You'll never know who I am. And we'll never be the same.'
And
then I led Aron Crane back through the darkness of the Dead Tracks.
Three
weeks later, police were still trying to unravel the lie that was Aron Crane's
life: his wife, his child, his victims, his reasons. The six women he'd left
floating in formalin were there for reference. He could have buried them in the
ground like Milton Sykes had, but as he got closer to working on Megan, he
needed to be able to refer to the problems he'd encountered during surgery, and
the mistakes he'd made along the way.
To
start, as had been the case when he was first arrested, he refused to talk. But
he did open up a little eventually. Police brought in the best psychologist
they could find and he worked some details out of Crane. Small details, like
how he pushed his wife Phedra off the decking on the top of his house. Whatever
his reasoning, the psychologist failed to illicit any emotion from Crane about
the moment he leaned over the railings and looked down at his dead wife,
pregnant with his child. Any sign he missed her, or regretted what he'd done.

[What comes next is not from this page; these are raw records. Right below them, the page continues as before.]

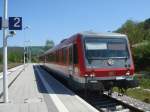 Die Br.628 344-4 nach Ulm Hbf. Hier bei der Zugkreuzung im Bahnhof Oberkochen. Aufgenommen am 30.04.07 in Oberkochen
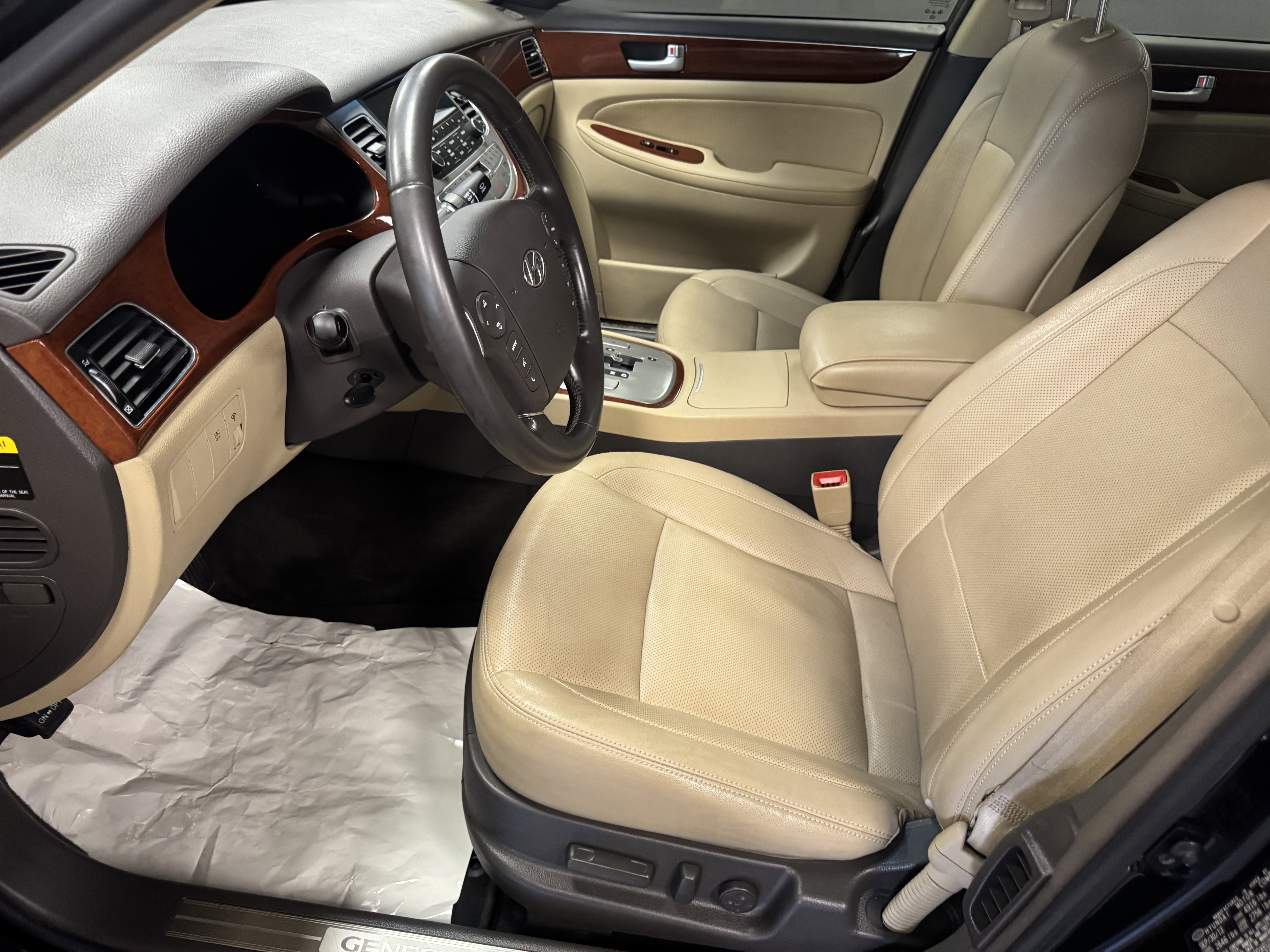 Used 2014 Hyundai Genesis 3.8 image 12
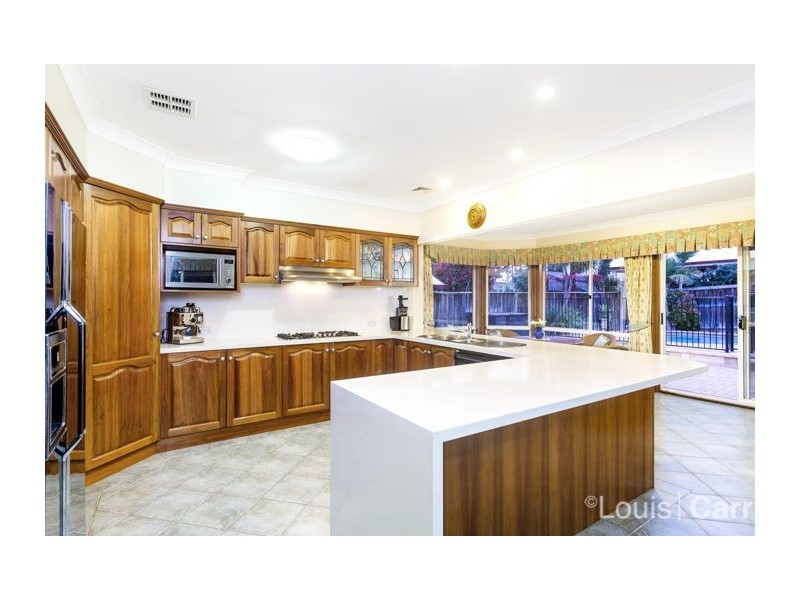 4 Eugenes Glen, Beaumont Hills NSW 2155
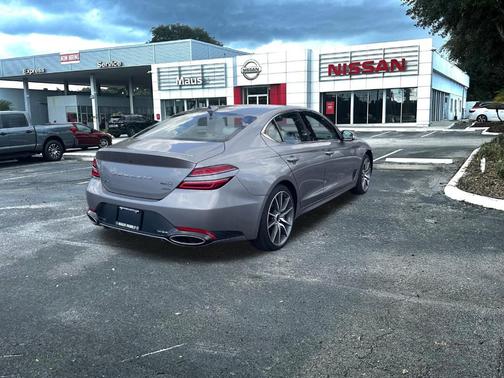 2024 Genesis G70 2.5T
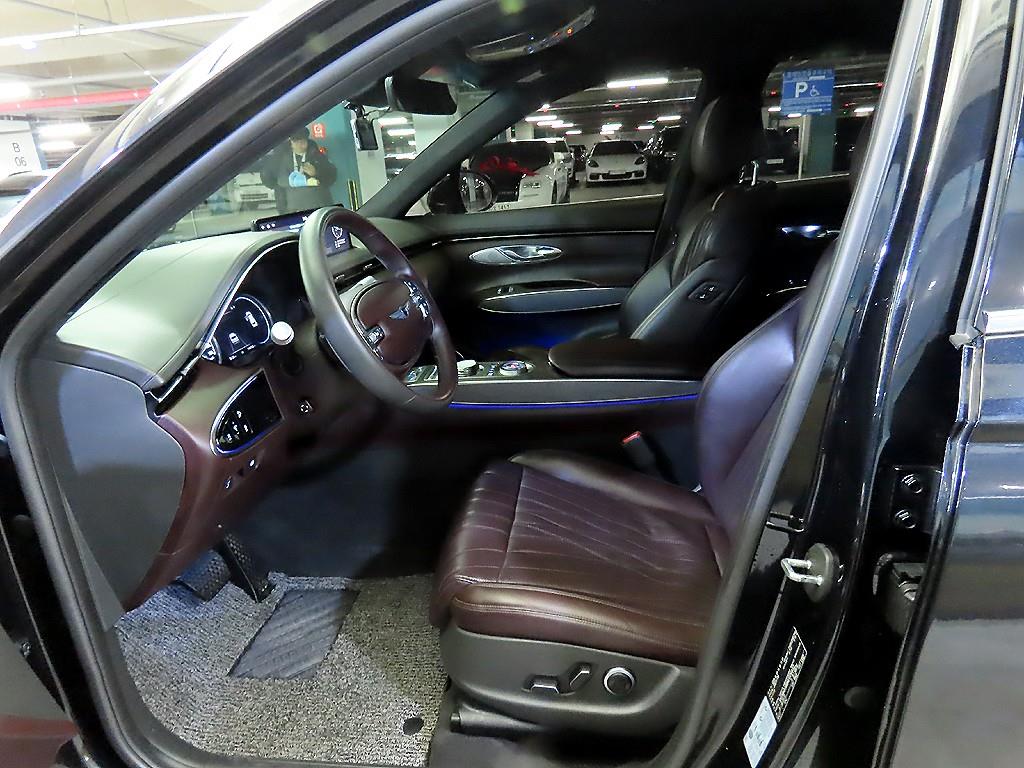 Genesis GV70 - Vista 6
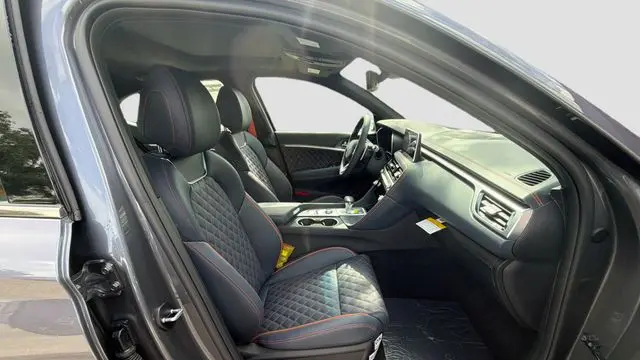2026 Genesis G70 3.3T Prestige Graphite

He buried them in the woods, and in all the time people tried chipping away at
him, it proved the only chink in his armour. The only way to get him to talk.
Crane may have been a wall of silence, but Phedra was the tiny hole that would
never seal over.
He
pleaded guilty to murdering the six women he preserved in formalin, killing
Susan Markham and kidnapping Megan, Jill and Sona, but said virtually nothing
during the trial, other than to confirm his name. After four days, the jury
found him guilty and he was given seven life sentences, to run concurrently. I
watched the news every day during that time, waiting to see an egotistical
flash, or hear how he'd smiled at jurors while recounting the horrific things
that he'd done. But reporters always described him as subdued, and after a
while I realized - without his project, without the opportunity to move from
one stage to the next — he had nothing left. When he was even incapable of
expressing any regret over what he'd done to his wife and child, it was obvious
there were no hidden depths to him. Nothing else to his make-up. With no
control and no power, there was no Aron Crane.